“Don’t like the weather in Michigan? Wait five minutes.”
“Michigan is fortunate to enjoy four distinct seasons. Sometimes all in the same day.”
There are plenty of jokes about the Great Lake State’s variable climate, but when you’re running a restaurant based on the availability of fresh, local foods the weather’s no laughing matter. And when you’ve planned a menu around tomatoes, for example, and the tomatoes aren’t ripening on time you need to have (not necessarily in this order):
- a creative culinary mind that can make the most of what foods Mother Nature is dishing
- respect for a roster of trusted farmers and other food providers
- a sense of humor
And in Julie Stanley’s case at Food Dance in Kalamazoo, a flock of faeries.
Julie, a pioneer in Michigan’s now hot “farm-to-table” food movement, relies on locally grown, in-season produce and meats, poultry, fish, dairy products and other edibles for her popular Food Dance restaurant.
It was her philosophy way back in 1994 when she, with a business partner, opened a breakfast and lunch joint in beautiful downtown Kalamazoo in Southwest Michigan.

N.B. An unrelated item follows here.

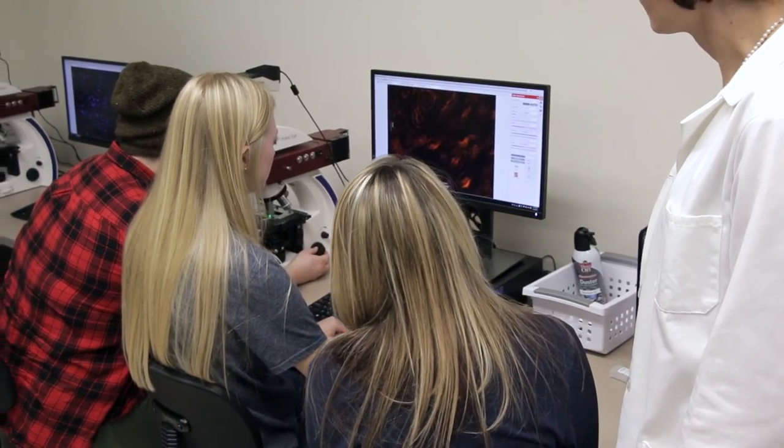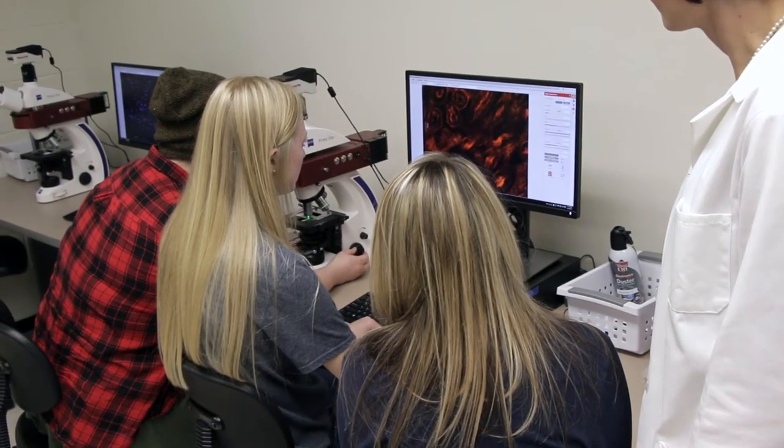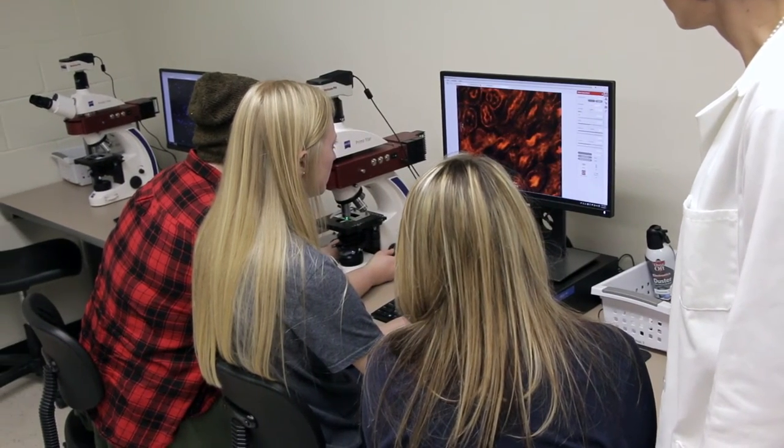Having this technology will give them an advantage whenever they go into those graduate programs. It's important to have our technology updated in our classrooms. We are constantly updating the software, the hardware, the computers. It's important that we do that so that students are familiar with software programs or applications that they would use out in their careers.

Surrounded by farmland and near Michigan’s fruitbelt along the Lake Michigan shore, it would have seemed natural for the restaurant to rely on local suppliers. Agriculture, afterall, has long been one of the state’s leading industries, with the variety of crops grown second only to California.
But the Food Dance concept was novel in a four-season climate nearly 20 years ago. Still, the idea caught on and Food Dance added a dinner menu and in 2007 moved a couple of blocks away to its larger, current location on East Michigan Avenue.
Now the sole proprietor, Julie is fulfilling her Food Dance vision in two adjoining buildings —one dates to the 1880s and the other the 1940s—that house a market featuring a nice selection of Michigan packaged and fresh food products, airy, high-ceilinged dining rooms, a handsome bar and space for private parties.
Decor is of the exposed brick walls and ceiling loft-chic variety splashed with food-themed works by local artists: Margy Hunter’s giant vegetable murals and towering cornstalks by Conrad Kaufman that separate dining areas and serve as perches for the before-mentioned papier mache faeries.
But it isn’t faeries who conjure up the what’s fresh and good-for-you seasonal menu. Chef Robb Hammond, who started assisting in the kitchen 16 years ago, says that Food Dance, throughout its evolution from a small cafe to the current, 225-seat, full-service restaurant, has always been “all about scratch cooking and making good food.”
That now includes everything from in-house butchering of hogs to curing meat, baking bread, crafting cheese and concocting juices, infused syrups and bitters for the bar. (The bar carries a nice selection of draft and bottled beer from Michigan but just a few wines from the Great Lakes State, though you can buy Michigan wine in the Market.)
The Food Dance crew shops the farmers’ market and works hard to find trusted sources locally where possible. One of those is Carlson Farms, which provides the kitchen with 600 dozen free range eggs each week.
Chef Robb knows all of the suppliers and visits their farms to check on the pastured chickens and hogs, creamery-fresh cheese and yogurt and pesticide-free produce. Many suppliers are listed on the Food Dance website (how many restaurants do that?).
On a recent whirlwind tour for foodie writers I had a chance to spend a short time with a few of the contributors to the Food Dance success story, including Carlson Farms (chicken and eggs), Mattawan Artisan Creamery (yogurt and cheese) and Kirklin Farm (produce).
Then, at dinner in the restaurant, we were able to sample products from the farms we visited.
From a selection of appetizers to the main course it’s obvious why Food Dance consistently earns rave reviews. I chose the Sesame Ginger Salmon, with a Maple syrup sesame soy glaze, on rice with steamed greens and cucumber relish. Delish.
Julie Stanley and Chef Robb Hammond demonstrate their respect for local farmers and food makers in the dining room every day as well as at special events throughout the year.
In addition to cooking classes Food Dance hosts a series of Farm to Fork dinners, each featuring a local grower(s) and a star ingredient.
This year’s tardy tomato crop has come through in time for the Kirklin Farm Tomato Dinner, 6-8 p.m., Thursday, September 5. The five-course meal is $55 per person.
Next up, on Thursday, October 17, is the 3 Dairy Dinner with products from three artisan dairies and cheesemakers, including Zingerman’s Creamery and Evergreen Lane Creamery. The four-course meal is $55 per person.
After a meal at Food Dance you just may feel like doing a happy dance.
401 East Michigan Ave., Kalamazoo, Michigan
Open 7 days, serving breakfast, lunch and dinner Monday-Friday from 7 a.m.-10 p.m., Saturday 7 a.m.-11 p.m., and breakfast menu only on Sunday from 8 a.m.-3 p.m. Closed on some holidays.